New computational pipeline revolutionizes personalized cancer vaccine design

Ludwig Cancer Research scientists have developed a complete computational pipeline that integrates multiple molecular and genetic analyzes of tumors and the specific molecular targets of T cells and leverages artificial intelligence algorithms to use its results to design personalized cancer vaccines for patients.

The design, validation, and benchmarking of this computational suite, NeoDisc, are detailed in the current issue of Biotechnology of nature in a paper led by Florian Huber and Michal Bassani-Sternberg of the Lausanne Branch of the Ludwig Institute for Cancer Research.

“NeoDisc provides unique insights into the immunobiology of tumors and the mechanisms by which they evade targeting by cytotoxic T cells of the immune system,” said Bassani-Sternberg. “These insights are invaluable for designing personalized immunotherapies, and the analytical and computational pipeline at the heart of NeoDisc is already being used here in Lausanne for clinical trials of personalized cancer vaccines and cell therapies.

Many types of cancer harbor multiple random mutations that should make them more visible to the immune system. Such mutations create aberrant proteins that cells, even cancerous ones, are programmed to cut into small pieces – known as peptides – and “present” as antigens to invite an attack by patrolling T cells.

The wide variety of these “neoantigens” is one of the reasons why patients respond so variably to immunotherapies. On the other hand, neoantigens can be harnessed to develop vaccines and other types of immunotherapies tailored to uniquely target each patient’s tumors. Personalized treatments of this kind are now being developed by researchers around the world.

Such efforts are technically challenging because not all neoantigens are recognized by a given patient’s T cells, and even many that are recognized fail to elicit a sufficiently strong T cell attack. Therefore, one approach to designing personalized vaccines and cell therapies involves identifying neoantigens that are most likely to elicit a vigorous T cell attack.

This requires sophisticated, large-scale analyzes of mutations that create potential neoantigens, the molecular scaffold (known as HLA molecules) that presents them to T cells, and the molecular features that enable recognition by T cell receptors. Bassani-Sternberg is among the pioneers of this field, a high-tech marriage of biochemical and large-scale computational analysis known as “immunopeptidomics.”
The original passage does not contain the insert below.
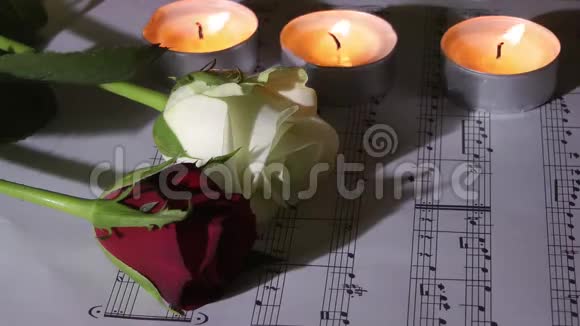 蜡烛点燃玫瑰花配音乐音符视频的预览图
The design of personalized immunotherapies is also aided by the genomic analysis of both tumor and blood cells that represent the patient’s healthy genome, the large-scale analysis of gene expression known as “transcriptomics” as well as the sensitive analysis of what is called immunopeptide mass spectrometry . Until now, however, these powerful technologies have never been integrated into a single computational pipeline to predict which neoantigens found in a patient’s tumors should be used as vaccines or otherwise used for personalized immunotherapies.
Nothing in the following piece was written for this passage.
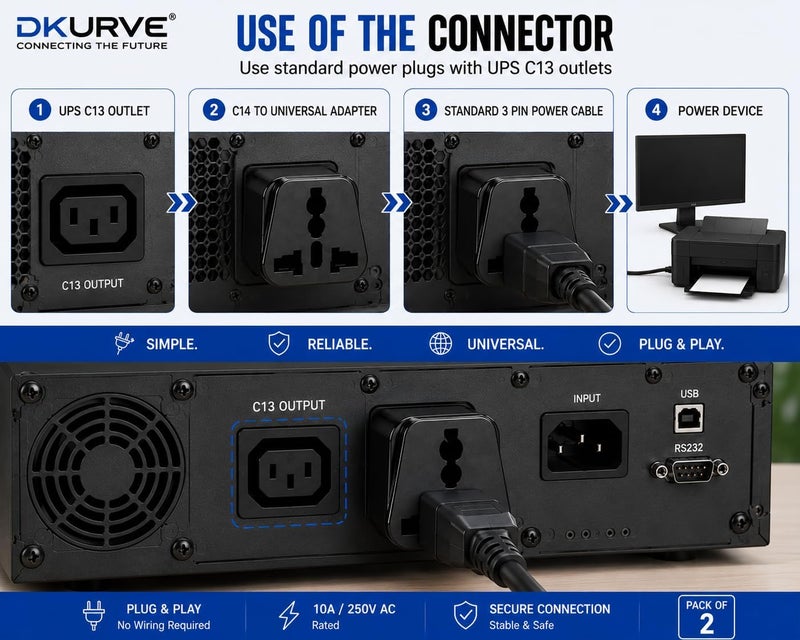 DKURVE Ups C14 to Universal Female Socket Power Adapter AC Plug - 2 Pieces - Image 5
Furthermore, neoantigens are not the only type of antigens available for immunotherapeutic targeting. Cancer cells also misexpress pieces of normally noncoding DNA, genes normally expressed only during development, other aberrantly expressed gene products, and viral antigens, in cases of virus-induced tumors—all of which can trigger an immune attack.

“NeoDisc can detect all these different types of tumor-specific antigens along with neoantigens, apply machine learning and rule-based algorithms to prioritize those most likely to elicit a T-cell response, and then use this information to design a personalized cancer vaccine. relevant patient,” Huber said.

NeoDisc additionally ranks the potential antigens it detects and creates visualizations of tumor cell heterogeneity within tumors.

“Notably, NeoDisc can also detect potential defects in the antigen presentation machinery, alerting vaccine designers and clinicians to a key immune evasion mechanism in tumors that can compromise the efficacy of immunotherapy,” said Bassani-Sternberg. “This can help them select patients for clinical studies who are likely to benefit from personalized immunotherapy, a skill that is also of great importance for optimizing patient care.”

The researchers further show in their study that NeoDisc provides a more accurate selection of effective cancer antigens for vaccines and cell therapies than other computational tools currently used for this purpose.

To further improve NeoDisc’s accuracy, researchers will continue to feed data obtained from a variety of tumors and incorporate additional machine learning algorithms into the software suite to advance its training and improve its predictive accuracy.